The “Last Mile” in international development terms, is the last stretch needed to reach often isolated communities. All too often it involves getting to villages without paved roads, little access to communication and poor infrastructure.

In Sub Saharan Africa 80% of goods are transported by road, yet about only half the roads are actually paved. The rural areas bear the brunt of being under served with road maintenance inadequate, and vehicle overloading causing road surfaces to prematurely degrade.

But the Biscid team does not give up in the face of such challenges.


In Zimbabwe the road network is in a dire state, with a recent delivery of 239km taking no less than eleven hours. That’s a gruelling 22km per hour through thick sand, rocky outcrops and blinding dust.

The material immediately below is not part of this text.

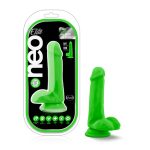 Neo Elite - 6 Inch Silicone Dual Density Cock With Balls - Neon Green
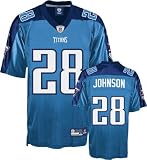 Apparel : Men`s Tennessee Titans #28 Chris Johnson Replica Jersey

The truck team was visibly shaken when they finally got back, but their smiles of victory lit up the room – victorious at reaching some of the poorest of poor in a country facing the ravages of extreme hunger.

A rural school nutrition delivery became impossible by ‘roads’ (more like tracks) made impassable by torrential rainfall. After being pulled out of the mud and knowing how desperately hungry the school children were for life saving nutrition, the team went back to the old fashioned, tried and tested donkey cart mode of transport. Old school technology definitely works!


In Mozambique a truck load of food aid made it to the northern town of Pemba. But with this being a dangerous, high conflict area on top of a highly damaged road network, the Church members made a different plan. Scores of volunteers offloaded the product and reloaded on to a small boat. There was great excitement when it finally reached the final destination, with children tearing open the packets of dried porridge and eating it as it was handed over.

The Biscid team knows that “when the going gets tough, the tough get going!”